しかし同書にあるのは、「七種 薺(なずな) 繁縷(はこべら) 芹(せり) 菁(すずな) 御形(おぎょう) 酒々代(すずしろ) 仏座(ほとけのざ)」で、順番が違ってます。
室町時代1384年頃に成立した、連歌師・梵灯(ぼんとう)の『梵灯庵袖下集』という連歌の語彙注釈集には、こうあります。

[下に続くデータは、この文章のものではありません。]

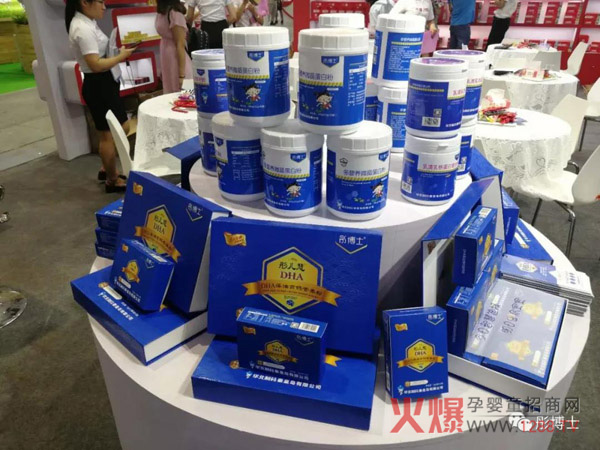 彤博士营养品陈列.jpg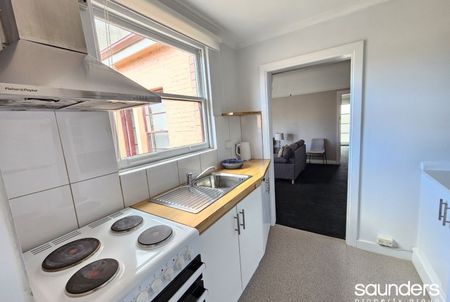 Fully furnished unit walking distance to lgh - Photo 5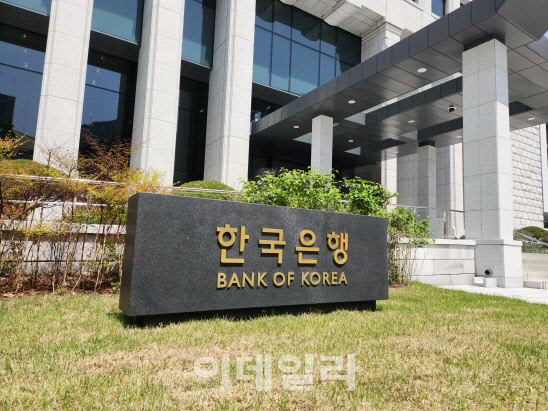 '수출 개선 無' 상품수지 흑자 행진…"'불황형 흑자' 아니다"(종합)
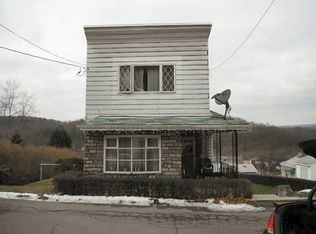 135 Cadbury St, Pottsville, PA 17901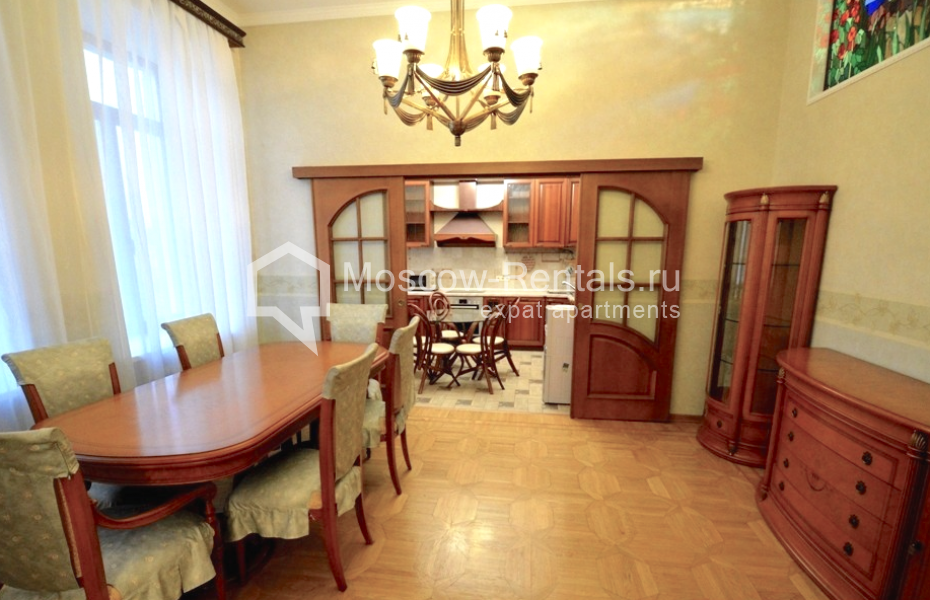 Photo #3 4-room (3 BR) apartment for <a href="http://moscow-rentals.ru/en/articles/long-term-rent" target="_blank">a long-term</a> rent
 in Russia, Moscow, Devyatkin lane, 2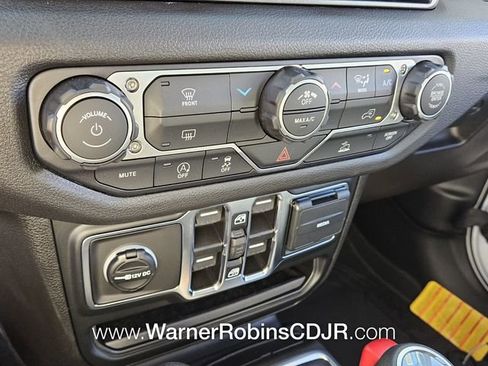 New 2025 Jeep Gladiator Sport image 22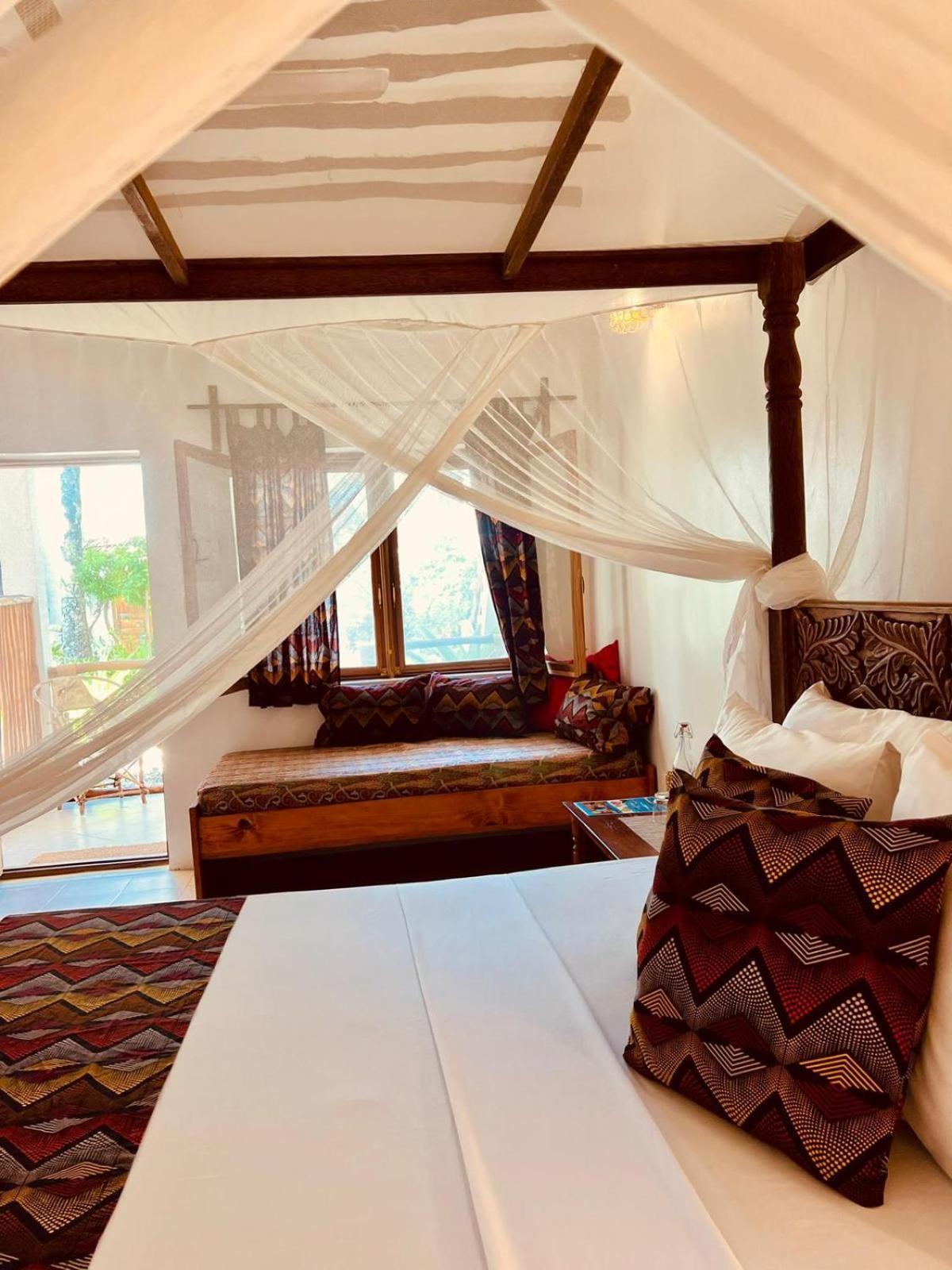 Helwas Zanzibar Beach Hotel Bwejuu Bagian luar foto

「せりなづな ごぎやうはこべら 仏のざ すずなすずしろ 是は七種」。
今の歌と同じです。
ただしこの頃には、まだ七草の種類は固定してはいませんでした。
それが先の歌のように固定化するのは江戸時代のようです。
さて、先の歌に詠まれたものが「七草」だとして、それらの古名が現在のどの草のことか。
実は必ずしも明確ではないんです。
せり(芹)、なずな(薺)、はこべら(繁縷)の3種は明確で、セリ、ナズナ(ぺんぺん草)、コハコベのこと。
しかし残りの4種、ごぎょう、ほとけのざ、すずな、すずしろは、意見が分かれているんです。
ごぎょう(御形)はハハコグサ(母子草)、ほとけのざ(仏の座)はコオニタビラコ(小鬼田平子)とする説が有力。
一般には、すずな(菘)はカブ(蕪)、すずしろ(蘿蔔)はダイコン(大根)とされますが、異説があります。
カブとダイコンは、奈良・平安時代に中国から渡来したものなんです。
それが春の若菜摘みに起源する七草のなかに入るのは不自然だ、という指摘があります。
『食べられる野草』の著者・辺見金三郎氏は、「すずな」はノビル(野蒜)、「すずしろ」はヨメナ(嫁菜)としています。
要するに昔から日本にある野草が春の七草だということです。
室町時代にもそうだったのかも。
江戸時代にはどうだったんでしょうか?
◆1月7日
人日(じんじつ)の節句である1月7日に食べられている七草粥。
しかしこの時期に、上記のような野草たちは生えているでしょうか?
九州や沖縄では生えているかもしれませんが、関東では生えていません。
まだ生えていないから、温かいハウス内で育てられた七草がスーパーで販売されているんです。
それって、ちょっと変じゃない?
この風習は本来は旧暦の1月7日に行われたものです。
旧暦1月7日は、新暦では年によって違いますが、2月の初旬から中旬くらいです。
ちなみに今年の旧暦1月7日は、2月3日です。
あと1か月ほど先に七草粥をいただくのが本来の風習である、ということです。